Probable electric power supply of the building
The probable electric supply method of the building depends on:
●
●
the expected sum of the simultaneous electric power demand, and
the site and the surroundings of the building.
The site of the building usually determines its electric power infrastructure and supply
methods. The electric power infrastructure depends on the building density of the plot
(downtown, suburbs, rural, etc.). The structure and the density of the plot determine
the electrical power demand [kW/km2] of the area, which forecasts the probable
electrical infrastructure as well.
The electrical devices in the buildings are utilizing 0.4 kV (400/230 V) network. The
power network is underground cable network in case of dense downtown areas and
air cable network supported by columns in case of suburbian and rural areas.

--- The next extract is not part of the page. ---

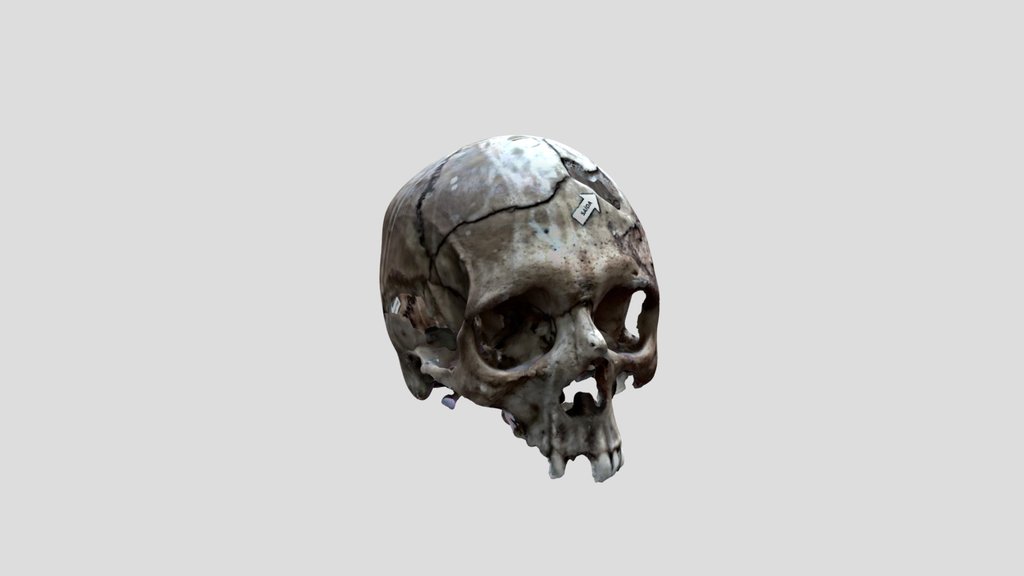 CRANIO BALEADO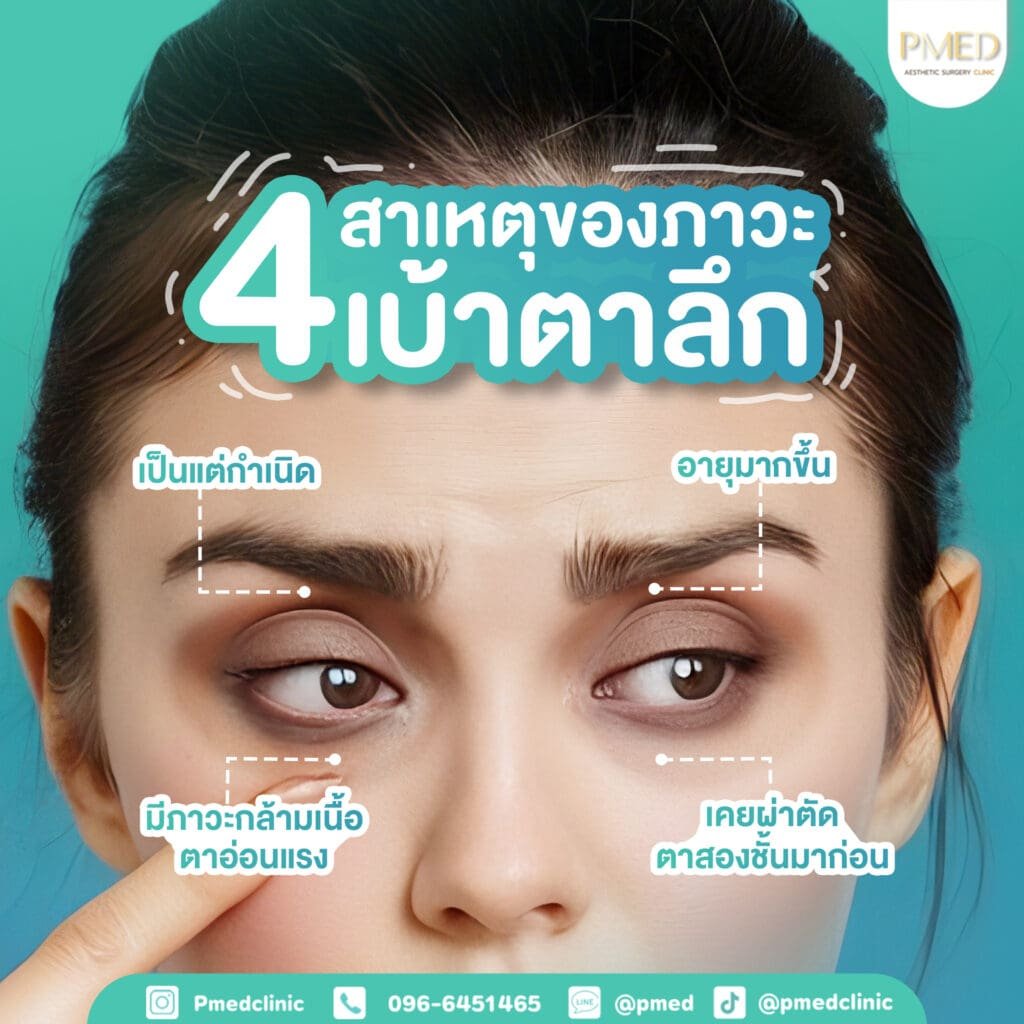 จัดเรียงและเติมไขมัน 11 4เบ้าตาลึก TH PMED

This electrical network is always supplied by a transofrmer. The transformer supplied
by a mid-range electrical network:
in dense, downtown areas the transformer is supplied by a 10kV
electric power network, this is a so called 10/0.4 kV transformer. In
such areas the low- and mid-power electrical networks are
underground cable infrastructures,
in suburbian and rural areas the transformer is supplied by a 20kV
air-cable power network, this is a so called 20/0.4 kV transformer. In
such areas the low- and mid-power electrical networks are open air
cable infrastructures supported by columns.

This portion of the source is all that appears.